Task requirements:
Output the data that follows exactly, line for line.

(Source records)
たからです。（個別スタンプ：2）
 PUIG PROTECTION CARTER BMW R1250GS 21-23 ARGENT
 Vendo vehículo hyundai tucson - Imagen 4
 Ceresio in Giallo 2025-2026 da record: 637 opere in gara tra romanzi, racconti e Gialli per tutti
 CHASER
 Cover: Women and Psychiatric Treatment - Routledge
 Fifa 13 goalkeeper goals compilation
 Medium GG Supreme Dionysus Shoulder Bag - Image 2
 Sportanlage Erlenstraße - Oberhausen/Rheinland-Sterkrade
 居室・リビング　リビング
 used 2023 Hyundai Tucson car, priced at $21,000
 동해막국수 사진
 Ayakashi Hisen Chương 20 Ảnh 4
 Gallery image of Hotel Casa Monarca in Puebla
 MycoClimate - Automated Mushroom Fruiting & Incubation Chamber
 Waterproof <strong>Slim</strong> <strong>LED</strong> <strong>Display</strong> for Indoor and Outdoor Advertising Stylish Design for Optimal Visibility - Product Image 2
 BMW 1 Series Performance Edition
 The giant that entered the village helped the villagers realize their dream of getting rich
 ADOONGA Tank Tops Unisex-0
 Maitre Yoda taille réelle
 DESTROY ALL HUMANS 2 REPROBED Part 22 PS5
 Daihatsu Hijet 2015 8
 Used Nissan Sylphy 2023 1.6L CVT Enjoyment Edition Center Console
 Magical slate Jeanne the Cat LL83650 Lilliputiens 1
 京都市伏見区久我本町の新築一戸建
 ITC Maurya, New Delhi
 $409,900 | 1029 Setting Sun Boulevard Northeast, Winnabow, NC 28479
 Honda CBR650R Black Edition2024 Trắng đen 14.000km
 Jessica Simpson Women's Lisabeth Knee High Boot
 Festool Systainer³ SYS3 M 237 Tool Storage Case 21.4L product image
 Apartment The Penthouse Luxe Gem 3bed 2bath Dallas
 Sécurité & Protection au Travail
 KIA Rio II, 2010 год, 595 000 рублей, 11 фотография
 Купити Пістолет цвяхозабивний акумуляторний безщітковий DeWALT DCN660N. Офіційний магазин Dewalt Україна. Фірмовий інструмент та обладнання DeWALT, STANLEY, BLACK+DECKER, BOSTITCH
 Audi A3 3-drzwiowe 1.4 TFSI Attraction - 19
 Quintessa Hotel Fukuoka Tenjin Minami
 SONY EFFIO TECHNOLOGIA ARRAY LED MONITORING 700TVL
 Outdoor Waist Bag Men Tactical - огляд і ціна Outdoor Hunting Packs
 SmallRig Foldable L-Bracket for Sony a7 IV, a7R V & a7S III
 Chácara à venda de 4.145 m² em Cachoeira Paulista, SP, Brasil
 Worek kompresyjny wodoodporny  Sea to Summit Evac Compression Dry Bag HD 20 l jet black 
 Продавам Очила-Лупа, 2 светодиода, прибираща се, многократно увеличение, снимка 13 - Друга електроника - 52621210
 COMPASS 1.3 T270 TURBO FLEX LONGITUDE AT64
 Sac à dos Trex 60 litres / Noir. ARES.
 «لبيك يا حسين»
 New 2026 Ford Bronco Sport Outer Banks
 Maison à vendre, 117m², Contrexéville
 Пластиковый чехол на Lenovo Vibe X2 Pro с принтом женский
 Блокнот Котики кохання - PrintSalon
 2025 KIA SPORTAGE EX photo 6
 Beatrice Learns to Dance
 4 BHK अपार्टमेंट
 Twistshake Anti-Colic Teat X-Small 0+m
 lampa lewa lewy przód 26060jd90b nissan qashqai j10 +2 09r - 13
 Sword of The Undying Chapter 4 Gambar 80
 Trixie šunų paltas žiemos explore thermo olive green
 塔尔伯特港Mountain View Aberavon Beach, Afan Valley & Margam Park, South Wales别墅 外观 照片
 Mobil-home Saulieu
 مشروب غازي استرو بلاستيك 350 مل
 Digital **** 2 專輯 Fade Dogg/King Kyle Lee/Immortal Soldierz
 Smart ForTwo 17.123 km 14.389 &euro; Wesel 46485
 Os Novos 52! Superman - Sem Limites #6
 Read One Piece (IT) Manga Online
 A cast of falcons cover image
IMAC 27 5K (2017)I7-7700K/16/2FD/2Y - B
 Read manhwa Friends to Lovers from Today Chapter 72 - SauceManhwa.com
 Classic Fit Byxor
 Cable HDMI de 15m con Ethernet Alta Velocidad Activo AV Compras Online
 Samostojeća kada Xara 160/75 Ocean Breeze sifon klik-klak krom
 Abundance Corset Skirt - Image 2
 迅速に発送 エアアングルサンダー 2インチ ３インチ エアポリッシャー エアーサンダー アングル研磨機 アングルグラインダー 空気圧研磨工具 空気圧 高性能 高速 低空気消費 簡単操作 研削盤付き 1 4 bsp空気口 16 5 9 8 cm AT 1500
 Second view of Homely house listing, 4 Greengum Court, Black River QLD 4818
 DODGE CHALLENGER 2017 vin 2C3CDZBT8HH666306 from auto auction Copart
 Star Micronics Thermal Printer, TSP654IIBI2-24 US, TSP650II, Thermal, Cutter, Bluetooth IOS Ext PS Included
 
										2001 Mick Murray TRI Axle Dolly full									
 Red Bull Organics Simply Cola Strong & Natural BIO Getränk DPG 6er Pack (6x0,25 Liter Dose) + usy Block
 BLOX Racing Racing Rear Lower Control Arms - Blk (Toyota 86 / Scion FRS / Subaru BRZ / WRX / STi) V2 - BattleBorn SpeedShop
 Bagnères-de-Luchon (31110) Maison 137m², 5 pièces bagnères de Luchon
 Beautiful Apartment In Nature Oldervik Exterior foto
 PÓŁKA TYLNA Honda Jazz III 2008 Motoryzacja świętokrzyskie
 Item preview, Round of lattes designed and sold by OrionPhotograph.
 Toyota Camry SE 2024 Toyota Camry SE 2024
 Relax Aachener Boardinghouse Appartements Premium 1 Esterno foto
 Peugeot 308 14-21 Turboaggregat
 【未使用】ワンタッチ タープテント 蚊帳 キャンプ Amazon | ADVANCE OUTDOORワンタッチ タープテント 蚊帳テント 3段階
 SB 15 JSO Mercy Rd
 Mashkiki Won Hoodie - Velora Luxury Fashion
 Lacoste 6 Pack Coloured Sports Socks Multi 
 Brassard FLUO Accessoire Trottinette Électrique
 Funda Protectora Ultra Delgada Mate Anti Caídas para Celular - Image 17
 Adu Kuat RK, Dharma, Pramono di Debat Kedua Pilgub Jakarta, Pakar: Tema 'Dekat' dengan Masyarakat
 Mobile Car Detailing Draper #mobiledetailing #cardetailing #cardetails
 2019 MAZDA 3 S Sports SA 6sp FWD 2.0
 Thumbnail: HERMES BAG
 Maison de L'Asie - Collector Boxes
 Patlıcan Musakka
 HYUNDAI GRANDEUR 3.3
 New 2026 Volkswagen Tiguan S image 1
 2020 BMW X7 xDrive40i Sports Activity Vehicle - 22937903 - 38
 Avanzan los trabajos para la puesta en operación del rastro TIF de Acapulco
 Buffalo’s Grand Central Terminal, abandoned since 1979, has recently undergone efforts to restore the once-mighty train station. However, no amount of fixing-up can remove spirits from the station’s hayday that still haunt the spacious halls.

Worked solution:
たからです。（個別スタンプ：2）
 PUIG PROTECTION CARTER BMW R1250GS 21-23 ARGENT
 Vendo vehículo hyundai tucson - Imagen 4
 Ceresio in Giallo 2025-2026 da record: 637 opere in gara tra romanzi, racconti e Gialli per tutti
 CHASER
 Cover: Women and Psychiatric Treatment - Routledge
 Fifa 13 goalkeeper goals compilation
 Medium GG Supreme Dionysus Shoulder Bag - Image 2
 Sportanlage Erlenstraße - Oberhausen/Rheinland-Sterkrade
 居室・リビング　リビング
 used 2023 Hyundai Tucson car, priced at $21,000
 동해막국수 사진
 Ayakashi Hisen Chương 20 Ảnh 4
 Gallery image of Hotel Casa Monarca in Puebla
 MycoClimate - Automated Mushroom Fruiting & Incubation Chamber
 Waterproof <strong>Slim</strong> <strong>LED</strong> <strong>Display</strong> for Indoor and Outdoor Advertising Stylish Design for Optimal Visibility - Product Image 2
 BMW 1 Series Performance Edition
 The giant that entered the village helped the villagers realize their dream of getting rich
 ADOONGA Tank Tops Unisex-0
 Maitre Yoda taille réelle
 DESTROY ALL HUMANS 2 REPROBED Part 22 PS5
 Daihatsu Hijet 2015 8
 Used Nissan Sylphy 2023 1.6L CVT Enjoyment Edition Center Console
 Magical slate Jeanne the Cat LL83650 Lilliputiens 1
 京都市伏見区久我本町の新築一戸建
 ITC Maurya, New Delhi
 $409,900 | 1029 Setting Sun Boulevard Northeast, Winnabow, NC 28479
 Honda CBR650R Black Edition2024 Trắng đen 14.000km
 Jessica Simpson Women's Lisabeth Knee High Boot
 Festool Systainer³ SYS3 M 237 Tool Storage Case 21.4L product image
 Apartment The Penthouse Luxe Gem 3bed 2bath Dallas
 Sécurité & Protection au Travail
 KIA Rio II, 2010 год, 595 000 рублей, 11 фотография
 Купити Пістолет цвяхозабивний акумуляторний безщітковий DeWALT DCN660N. Офіційний магазин Dewalt Україна. Фірмовий інструмент та обладнання DeWALT, STANLEY, BLACK+DECKER, BOSTITCH
 Audi A3 3-drzwiowe 1.4 TFSI Attraction - 19
 Quintessa Hotel Fukuoka Tenjin Minami
 SONY EFFIO TECHNOLOGIA ARRAY LED MONITORING 700TVL
 Outdoor Waist Bag Men Tactical - огляд і ціна Outdoor Hunting Packs
 SmallRig Foldable L-Bracket for Sony a7 IV, a7R V & a7S III
 Chácara à venda de 4.145 m² em Cachoeira Paulista, SP, Brasil
 Worek kompresyjny wodoodporny  Sea to Summit Evac Compression Dry Bag HD 20 l jet black 
 Продавам Очила-Лупа, 2 светодиода, прибираща се, многократно увеличение, снимка 13 - Друга електроника - 52621210
 COMPASS 1.3 T270 TURBO FLEX LONGITUDE AT64
 Sac à dos Trex 60 litres / Noir. ARES.
 «لبيك يا حسين»
 New 2026 Ford Bronco Sport Outer Banks
 Maison à vendre, 117m², Contrexéville
 Пластиковый чехол на Lenovo Vibe X2 Pro с принтом женский
 Блокнот Котики кохання - PrintSalon
 2025 KIA SPORTAGE EX photo 6
 Beatrice Learns to Dance
 4 BHK अपार्टमेंट
 Twistshake Anti-Colic Teat X-Small 0+m
 lampa lewa lewy przód 26060jd90b nissan qashqai j10 +2 09r - 13
 Sword of The Undying Chapter 4 Gambar 80
 Trixie šunų paltas žiemos explore thermo olive green
 塔尔伯特港Mountain View Aberavon Beach, Afan Valley & Margam Park, South Wales别墅 外观 照片
 Mobil-home Saulieu
 مشروب غازي استرو بلاستيك 350 مل
 Digital **** 2 專輯 Fade Dogg/King Kyle Lee/Immortal Soldierz
 Smart ForTwo 17.123 km 14.389 &euro; Wesel 46485
 Os Novos 52! Superman - Sem Limites #6
 Read One Piece (IT) Manga Online
 A cast of falcons cover image
IMAC 27 5K (2017)I7-7700K/16/2FD/2Y - B
 Read manhwa Friends to Lovers from Today Chapter 72 - SauceManhwa.com
 Classic Fit Byxor
 Cable HDMI de 15m con Ethernet Alta Velocidad Activo AV Compras Online
 Samostojeća kada Xara 160/75 Ocean Breeze sifon klik-klak krom
 Abundance Corset Skirt - Image 2
 迅速に発送 エアアングルサンダー 2インチ ３インチ エアポリッシャー エアーサンダー アングル研磨機 アングルグラインダー 空気圧研磨工具 空気圧 高性能 高速 低空気消費 簡単操作 研削盤付き 1 4 bsp空気口 16 5 9 8 cm AT 1500
 Second view of Homely house listing, 4 Greengum Court, Black River QLD 4818
 DODGE CHALLENGER 2017 vin 2C3CDZBT8HH666306 from auto auction Copart
 Star Micronics Thermal Printer, TSP654IIBI2-24 US, TSP650II, Thermal, Cutter, Bluetooth IOS Ext PS Included
 
										2001 Mick Murray TRI Axle Dolly full									
 Red Bull Organics Simply Cola Strong & Natural BIO Getränk DPG 6er Pack (6x0,25 Liter Dose) + usy Block
 BLOX Racing Racing Rear Lower Control Arms - Blk (Toyota 86 / Scion FRS / Subaru BRZ / WRX / STi) V2 - BattleBorn SpeedShop
 Bagnères-de-Luchon (31110) Maison 137m², 5 pièces bagnères de Luchon
 Beautiful Apartment In Nature Oldervik Exterior foto
 PÓŁKA TYLNA Honda Jazz III 2008 Motoryzacja świętokrzyskie
 Item preview, Round of lattes designed and sold by OrionPhotograph.
 Toyota Camry SE 2024 Toyota Camry SE 2024
 Relax Aachener Boardinghouse Appartements Premium 1 Esterno foto
 Peugeot 308 14-21 Turboaggregat
 【未使用】ワンタッチ タープテント 蚊帳 キャンプ Amazon | ADVANCE OUTDOORワンタッチ タープテント 蚊帳テント 3段階
 SB 15 JSO Mercy Rd
 Mashkiki Won Hoodie - Velora Luxury Fashion
 Lacoste 6 Pack Coloured Sports Socks Multi 
 Brassard FLUO Accessoire Trottinette Électrique
 Funda Protectora Ultra Delgada Mate Anti Caídas para Celular - Image 17
 Adu Kuat RK, Dharma, Pramono di Debat Kedua Pilgub Jakarta, Pakar: Tema 'Dekat' dengan Masyarakat
 Mobile Car Detailing Draper #mobiledetailing #cardetailing #cardetails
 2019 MAZDA 3 S Sports SA 6sp FWD 2.0
 Thumbnail: HERMES BAG
 Maison de L'Asie - Collector Boxes
 Patlıcan Musakka
 HYUNDAI GRANDEUR 3.3
 New 2026 Volkswagen Tiguan S image 1
 2020 BMW X7 xDrive40i Sports Activity Vehicle - 22937903 - 38
 Avanzan los trabajos para la puesta en operación del rastro TIF de Acapulco
 Buffalo’s Grand Central Terminal, abandoned since 1979, has recently undergone efforts to restore the once-mighty train station. However, no amount of fixing-up can remove spirits from the station’s hayday that still haunt the spacious halls.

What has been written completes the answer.